However, the absolute count of matches, or accuracy, is prone to errors,
since it does not take into account chance. For example, by taking only
the first 100 reviews, we happen to have gather data that has just
negative cases:

In [None]:
validation_df |> 
  count(label)

So while optimising our mapping function we could accidentally make a
wrong adjustment:

In [None]:
scores_df_error <- imdb |> 
  head(100) |>  
  unnest_tokens(output = "token", input = "text", drop = FALSE) |> 
  inner_join(sentiment_dict, by = c("token" = "word")) |> 
  group_by(id) |>
  summarise(senti_score = sum(value) / n(),
            sentiment = ifelse(senti_score >= 0, "neg", "neg"),
            #                 see the error here --^
            text = head(text, 1))

scores_df_error |> 
  select(-text) |> 
  left_join(imdb, by = "id") |> 
  count(match = label == sentiment)

Now suddenly our accuracy is perfect!

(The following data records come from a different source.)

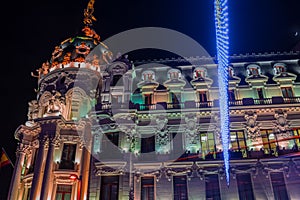 Madrid at Christmas. Night view of the Metropolis building of Ma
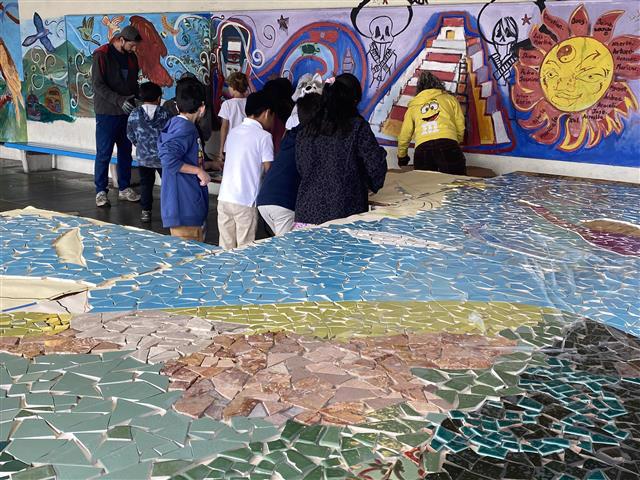 Students working on a mosaic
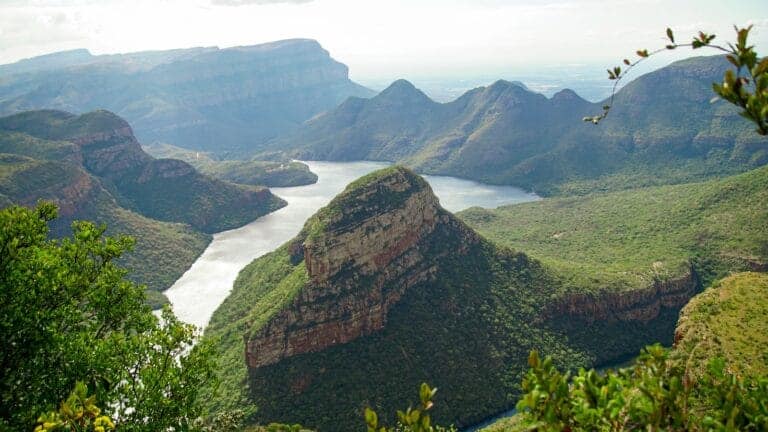 Southern Africa Travel Guide green and brown mountain beside body of water during daytime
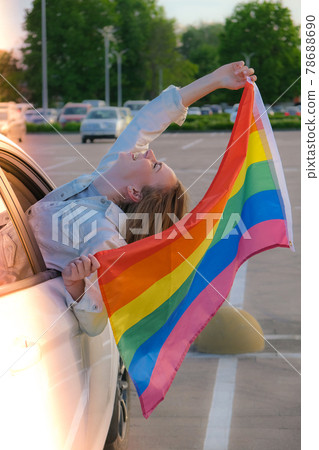 Young blonde millennial woman with LGBTQ flag looking from car window. Rainbow LGBT flag. Peace and freedom the symbol of LGBT, spending and sharing loving time. Support LGBTQ community 78688690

This is why we use a couple of
metrics that control for chance:

In [None]:
conf_matrix <- table(validation_df$label, validation_df$sentiment)
ml_metrics <- metric_set(accuracy, precision, recall, f_meas, kap)
conf_matrix
ml_metrics(conf_matrix)

### Exercise 2: Discuss the results

-   Based on the example text below, which issues do you see arise from
    this approach to measuring sentiment?

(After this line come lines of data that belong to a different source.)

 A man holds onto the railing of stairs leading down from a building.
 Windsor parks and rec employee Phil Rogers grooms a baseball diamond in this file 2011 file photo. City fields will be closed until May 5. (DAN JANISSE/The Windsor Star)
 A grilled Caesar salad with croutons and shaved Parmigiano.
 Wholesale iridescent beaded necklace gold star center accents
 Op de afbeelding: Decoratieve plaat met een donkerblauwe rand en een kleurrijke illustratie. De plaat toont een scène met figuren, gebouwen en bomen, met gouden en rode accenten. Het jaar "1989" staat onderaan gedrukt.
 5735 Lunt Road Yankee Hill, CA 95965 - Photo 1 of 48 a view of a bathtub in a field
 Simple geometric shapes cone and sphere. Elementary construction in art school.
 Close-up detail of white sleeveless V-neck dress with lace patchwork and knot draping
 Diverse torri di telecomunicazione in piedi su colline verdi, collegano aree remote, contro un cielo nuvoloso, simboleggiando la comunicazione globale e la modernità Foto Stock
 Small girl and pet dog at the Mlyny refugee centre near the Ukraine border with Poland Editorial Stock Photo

![](attachment:media/136.png)

-   This COST action is about opinions. Would you say:
    1.  the provided data contains opinions?
    2.  the approach we looked at is suitable to measure these opinions?

## 3. Build your own dictionary

We already know the labels in this data. So let’s use it to see what
would be a good dictionary! First, let’s count the words and see which
ones show up most often in the ‘pos’ and in the ‘neg’ data.

In [None]:
imdb_count <- imdb |> 
  unnest_tokens(output = "token", input = "text") |> 
  count(label, token, sort = TRUE)
imdb_count

Okay, this is arguably not helpful at all. Let’s use a statistical
weighting to see not only which words are common, but which ones are
showing up statistically much more often in one of the two document
groups:

In [None]:
imdb_logodds <- imdb_count |>
  bind_log_odds(label, token, n) |> 
  arrange(-log_odds_weighted)
imdb_logodds

Now let’s plot this!

In [None]:
imdb_logodds |>
    group_by(label) |>
    slice_max(log_odds_weighted, n = 15) |>
    ungroup() |>
    mutate(token = reorder(token, log_odds_weighted)) |>
    ggplot(aes(log_odds_weighted, token, fill = label)) +
    geom_col(show.legend = FALSE) +
    facet_wrap(vars(label), scales = "free") +
    labs(y = NULL)

# References

Atteveldt, Wouter van, Damian Trilling, and Carlos Arcíla. 2021.
*Computational Analysis of Communication: A Practical Introduction to
the Analysis of Texts, Networks, and Images with Code Examples in Python
and R*. Hoboken, NJ: John Wiley & Sons. <https://cssbook.net>.

Duneier, Mitchell. 2017. *Ghetto: The Invention of a Place, the History
of an Idea*. First paperback edition. New York: Farrar, Straus; Giroux.

Maas, Andrew L., Raymond E. Daly, Peter T. Pham, Dan Huang, Andrew Y.
Ng, and Christopher Potts. 2011. “Learning Word Vectors for Sentiment
Analysis.” In *Proceedings of the 49th Annual Meeting of the Association
for Computational Linguistics: Human Language Technologies*, 142–50.
Portland, Oregon, USA: Association for Computational Linguistics.
<http://www.aclweb.org/anthology/P11-1015>.